Deciding on a thesis topic is a long process. You have to try and experiment. This is where some graduate students give up. How to demonstrate your idea is new? This is particularly tricky for students in social science and humanity domain, where it is hard to demonstrate novelty. Many humanity Ph.D. students take 6 or 7 years to graduate.
Fortunately for computer science students, publishing papers trains a person to do innovative work. Since each CS Ph.D. student is expected to publish by Year 2, they have to swim in the vast ocean of academic water and survive. By publishing papers, they get familiar with research methodology, and how to create new algorithms. Therefore the length of a computer science Ph.D. time is relative shorter. It is very common for CS students to incorporate their papers into their thesis, as long as these papers fit into 1 coherent theme.
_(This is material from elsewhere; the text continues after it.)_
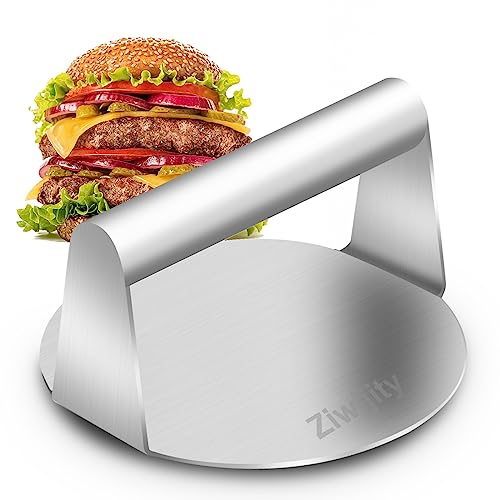 Smash Burgerpresse,5,5-Zoll Round Edelstahl Burger Smasher, Professionelles Edelstahl Burgerpresse Grillzubehör für Flat Top Grill, Hamburgerpresse und Squeeze Grease, Leicht zu Reinigen (Rund)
The coherent theme is the real innovation of a thesis. This is the true value of Ph.D. training, where you can see the whole picture. It is consistent exploration of one topic. For example, before writing my Ph.D. thesis, I wrote papers of self-fulling bias in a multiagent environment, and I wrote papers on auction agents and how they act by learning about each other. I also experimented with agents playing soccer and wondered what would be their strategies. But what is the general theme that summarize these different topics? It’s about learning in a multiagent environment. Then what is the general theoretic framework that describes the interaction? I remember staying in the library, reading and thinking, making notes. I remember visiting another department, stumbling on a book on control theory and the work on Markov games. That was the framework I looked for. Those were quiet time, with no outside distraction or obligation.
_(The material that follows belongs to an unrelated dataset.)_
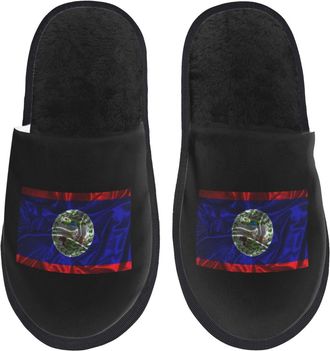 Generic Furry Slippers Silk Style Flag Of Belize Home Slippers Soft Warm Slipper For Mens Indoor Guest M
Once we settle down on a coherent framework, and know that whatever you invent is general enough (application to different scenarios), the next question is: How to solve this general problem? You provide a new computing algorithm to solve this problem. Here is your unique invention. You demonstrate its soundness with experimental results along with mathematical proof. You also demonstrate its computational efficiency. The uniqueness of computer science Ph.D. vs other Ph.D. training is the emphasis on computing feasibility. In computer science, we care about time complexity (how long does it take to finish computing?), and space complexity (how much memory space required to store the date and intermediary results?). We have to show that whatever we invent can be implemented, runs fast and does not take excessive memory space.
When you are satisfied with your experimental results, you write up your thesis. Here you put all the work together into one piece. As a non-native speaker, I struggled with my English writing then. I remember the red inks on my thesis marked by my adviser, mostly on grammatical mistakes. I felt very embarrassed. Looking back today, I realize how it helped me to have a higher standard for good writing.
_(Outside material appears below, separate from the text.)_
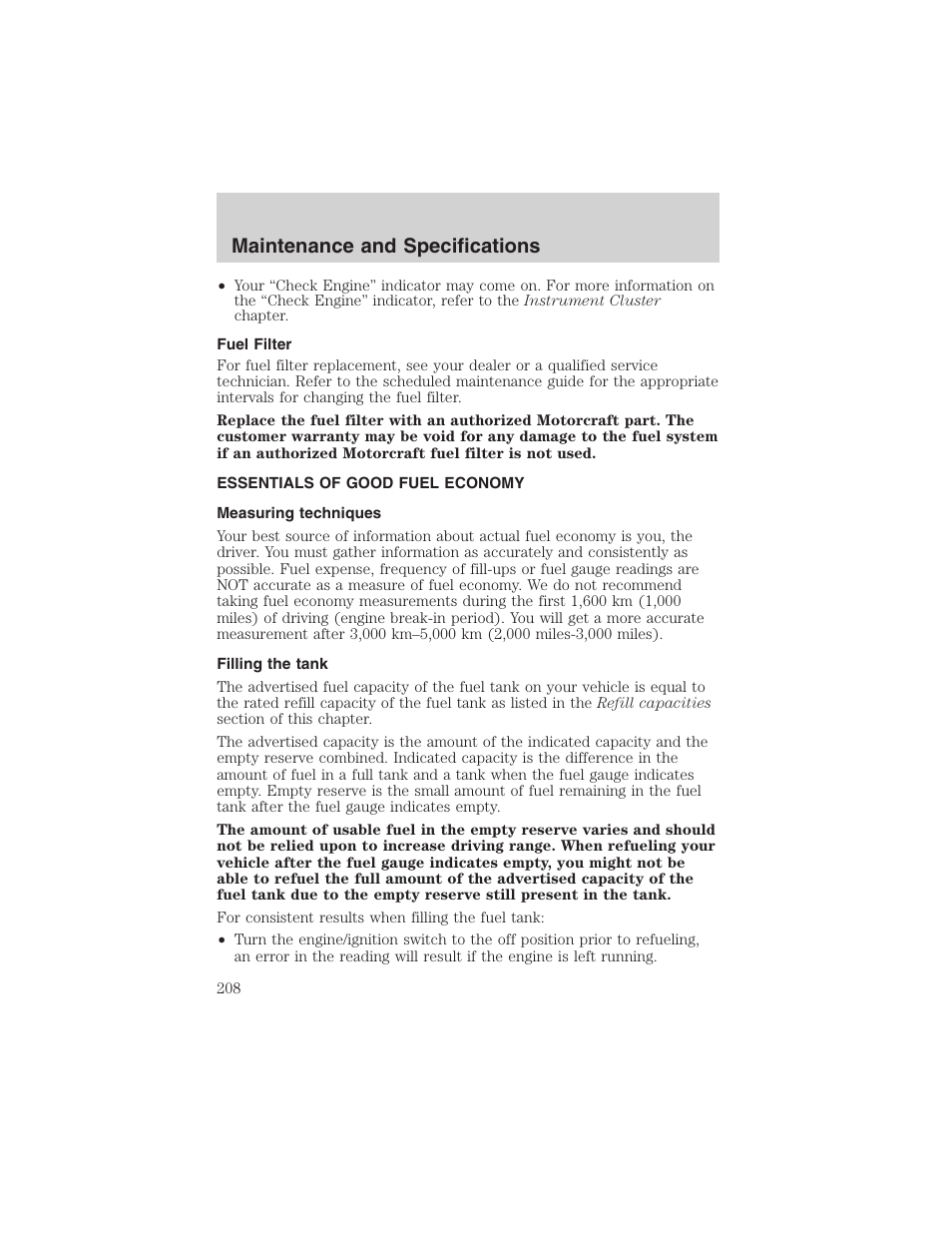Maintenance and specifications | FORD 2003 Windstar v.2 User Manual | Page 208 / 240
By the time you finish your thesis, you have endured the lonely graduate life (others already graduated and working), you have suffered through low income syndrome as a poor graduate student. You are secluded from the real world, staying in the academic ivory tower, for the purpose of attacking a big problem. It’s like a martial art master who hides inside a mountain practicing his moves, you are practicing the moves in your research thinking and the muscle of attacking a difficult problem.
By now your research ability has taken a leap from a year before. You have ascended to a mountain, and you can see the whole horizon of the research field. Like larvae turning into a butterfly, you are transformed into an independent researcher.
This is what a Ph.D. training gives you.
I hope I have peeled back a veil that mystifies many people. When you decide on going to a Ph.D. program or on hiring a Ph.D. graduate, you know what you are getting.